Amid the pandemic, many are wondering if the use of technology is going to continue to rise. In many instances, the answer is yes. Such is the case with smart homes.
A new report points to the importance of incorporating smart-home technology. LexisNexis Risk Solutions released an insurance claims study revealing that in-line water shutoff systems correlate with a decrease in water claims events by 96%.
The study measured the changes in the number and severity of water-related home insurance claims with the Flo by Moen Smart Water Shutoff device against an uninstalled control group of homes in the same geolocation one year before and after installation.

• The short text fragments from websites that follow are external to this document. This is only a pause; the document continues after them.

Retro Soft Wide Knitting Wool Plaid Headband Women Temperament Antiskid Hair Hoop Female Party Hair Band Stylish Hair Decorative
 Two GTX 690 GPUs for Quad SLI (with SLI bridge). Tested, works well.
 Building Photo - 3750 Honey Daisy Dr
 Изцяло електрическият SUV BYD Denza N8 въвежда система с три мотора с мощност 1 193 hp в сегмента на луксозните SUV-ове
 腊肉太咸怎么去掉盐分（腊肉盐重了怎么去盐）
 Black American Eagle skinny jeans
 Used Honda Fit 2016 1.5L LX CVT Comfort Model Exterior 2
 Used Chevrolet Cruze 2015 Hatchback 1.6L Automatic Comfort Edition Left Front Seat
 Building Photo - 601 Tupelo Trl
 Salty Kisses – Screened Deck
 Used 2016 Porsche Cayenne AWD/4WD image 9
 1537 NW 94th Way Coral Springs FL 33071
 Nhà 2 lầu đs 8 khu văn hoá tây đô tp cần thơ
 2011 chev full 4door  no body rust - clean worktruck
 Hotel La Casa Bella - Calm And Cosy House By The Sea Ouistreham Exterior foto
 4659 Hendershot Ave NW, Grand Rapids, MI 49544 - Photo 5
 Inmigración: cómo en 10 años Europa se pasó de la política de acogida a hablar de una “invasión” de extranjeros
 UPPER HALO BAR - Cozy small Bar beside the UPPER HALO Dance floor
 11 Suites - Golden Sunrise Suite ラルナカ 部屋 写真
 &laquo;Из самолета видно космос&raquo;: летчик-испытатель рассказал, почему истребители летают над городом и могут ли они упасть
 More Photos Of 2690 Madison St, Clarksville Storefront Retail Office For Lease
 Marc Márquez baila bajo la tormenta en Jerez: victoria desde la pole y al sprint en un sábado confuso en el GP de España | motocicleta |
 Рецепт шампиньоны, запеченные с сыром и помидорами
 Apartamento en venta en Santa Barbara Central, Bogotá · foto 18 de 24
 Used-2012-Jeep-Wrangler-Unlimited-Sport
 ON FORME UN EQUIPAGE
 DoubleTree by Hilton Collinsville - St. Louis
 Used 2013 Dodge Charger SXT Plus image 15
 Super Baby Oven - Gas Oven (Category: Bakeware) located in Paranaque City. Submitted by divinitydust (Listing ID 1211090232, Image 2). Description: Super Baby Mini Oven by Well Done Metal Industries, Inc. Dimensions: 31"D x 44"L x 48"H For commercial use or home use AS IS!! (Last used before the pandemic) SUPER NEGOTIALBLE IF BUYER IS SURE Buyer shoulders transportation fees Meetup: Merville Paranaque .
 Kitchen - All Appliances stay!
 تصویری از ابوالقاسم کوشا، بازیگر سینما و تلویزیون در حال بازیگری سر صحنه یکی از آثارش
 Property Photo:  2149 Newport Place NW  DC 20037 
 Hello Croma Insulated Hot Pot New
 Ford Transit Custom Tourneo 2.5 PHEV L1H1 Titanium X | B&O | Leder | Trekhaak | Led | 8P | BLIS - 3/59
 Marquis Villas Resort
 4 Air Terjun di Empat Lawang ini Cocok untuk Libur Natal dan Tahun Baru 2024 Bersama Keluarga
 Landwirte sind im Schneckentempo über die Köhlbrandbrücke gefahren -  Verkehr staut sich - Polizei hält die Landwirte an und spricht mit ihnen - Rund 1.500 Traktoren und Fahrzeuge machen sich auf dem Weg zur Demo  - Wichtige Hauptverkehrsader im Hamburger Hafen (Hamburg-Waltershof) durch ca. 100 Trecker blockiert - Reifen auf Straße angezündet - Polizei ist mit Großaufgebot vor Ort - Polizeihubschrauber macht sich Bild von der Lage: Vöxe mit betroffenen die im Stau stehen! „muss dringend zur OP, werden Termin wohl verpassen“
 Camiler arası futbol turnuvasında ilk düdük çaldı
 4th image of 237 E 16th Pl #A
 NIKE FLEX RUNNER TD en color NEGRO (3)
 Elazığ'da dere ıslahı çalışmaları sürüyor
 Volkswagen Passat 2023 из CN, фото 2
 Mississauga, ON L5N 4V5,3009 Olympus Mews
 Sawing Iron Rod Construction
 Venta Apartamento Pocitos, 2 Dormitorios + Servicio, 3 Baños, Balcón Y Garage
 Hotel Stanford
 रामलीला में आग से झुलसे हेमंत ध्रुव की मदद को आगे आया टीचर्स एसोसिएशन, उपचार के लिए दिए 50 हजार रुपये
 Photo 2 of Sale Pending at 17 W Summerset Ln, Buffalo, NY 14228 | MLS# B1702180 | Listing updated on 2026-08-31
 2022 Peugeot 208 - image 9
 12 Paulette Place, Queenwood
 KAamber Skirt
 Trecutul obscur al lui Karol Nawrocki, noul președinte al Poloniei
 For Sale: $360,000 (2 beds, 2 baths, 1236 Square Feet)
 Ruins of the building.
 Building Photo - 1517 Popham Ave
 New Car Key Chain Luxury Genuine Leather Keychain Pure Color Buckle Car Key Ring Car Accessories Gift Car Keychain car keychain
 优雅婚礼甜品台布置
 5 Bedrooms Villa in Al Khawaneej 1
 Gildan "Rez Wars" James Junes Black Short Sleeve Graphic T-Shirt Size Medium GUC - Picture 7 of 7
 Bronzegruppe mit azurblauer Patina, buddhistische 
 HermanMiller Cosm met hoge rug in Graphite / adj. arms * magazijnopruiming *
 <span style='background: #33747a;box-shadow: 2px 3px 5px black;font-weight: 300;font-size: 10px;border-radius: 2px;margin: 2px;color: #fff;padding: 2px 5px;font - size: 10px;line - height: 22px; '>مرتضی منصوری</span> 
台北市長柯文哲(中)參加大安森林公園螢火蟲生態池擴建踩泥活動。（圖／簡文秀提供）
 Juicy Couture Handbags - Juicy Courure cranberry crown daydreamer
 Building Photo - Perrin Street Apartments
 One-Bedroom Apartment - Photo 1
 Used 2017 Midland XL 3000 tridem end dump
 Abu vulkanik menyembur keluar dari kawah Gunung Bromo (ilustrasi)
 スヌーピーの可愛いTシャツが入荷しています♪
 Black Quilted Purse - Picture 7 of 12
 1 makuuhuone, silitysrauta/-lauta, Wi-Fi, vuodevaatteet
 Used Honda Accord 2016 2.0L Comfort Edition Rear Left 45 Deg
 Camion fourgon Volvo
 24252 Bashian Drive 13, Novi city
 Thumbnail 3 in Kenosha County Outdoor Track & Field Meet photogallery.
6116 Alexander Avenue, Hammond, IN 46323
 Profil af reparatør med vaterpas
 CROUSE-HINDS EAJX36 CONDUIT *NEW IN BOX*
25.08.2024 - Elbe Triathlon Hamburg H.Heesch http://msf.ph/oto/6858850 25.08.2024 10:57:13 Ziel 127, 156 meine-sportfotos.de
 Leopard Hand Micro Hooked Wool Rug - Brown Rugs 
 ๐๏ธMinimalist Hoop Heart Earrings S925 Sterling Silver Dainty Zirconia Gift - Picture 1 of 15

Here is what it found: Prior to installation, 2,306 Flow homes had an average claims severity far greater than the control group two years prior to the installation of the device. The study also found a corresponding 72% decrease in claims severity one year after installation of the device, indicating that smart water shutoff systems are working.
The key takeaway here is that water leak mitigation and the time and money saved could help drive adoption of these smart home devices, ultimately reducing loss costs, improving the customer experience, and more.
This is in line with other reports that the smart homes market, in general, is on the rise. Mordor Intelligence says the market was valued at $64.6 billion in 2019 and is expected to reach $246.42 billion by 2025, a forecasted 25% growth rate, even amid a pandemic. The research shows there is a greater need for security and wireless controls. Further advancements in the IoT (Internet of Things) have resulted in price drops of sensors and processors, which are expected to fuel automation in the home.
While there is much to consider when it comes to smart-home technologies, research points to a continued rise in the years to come.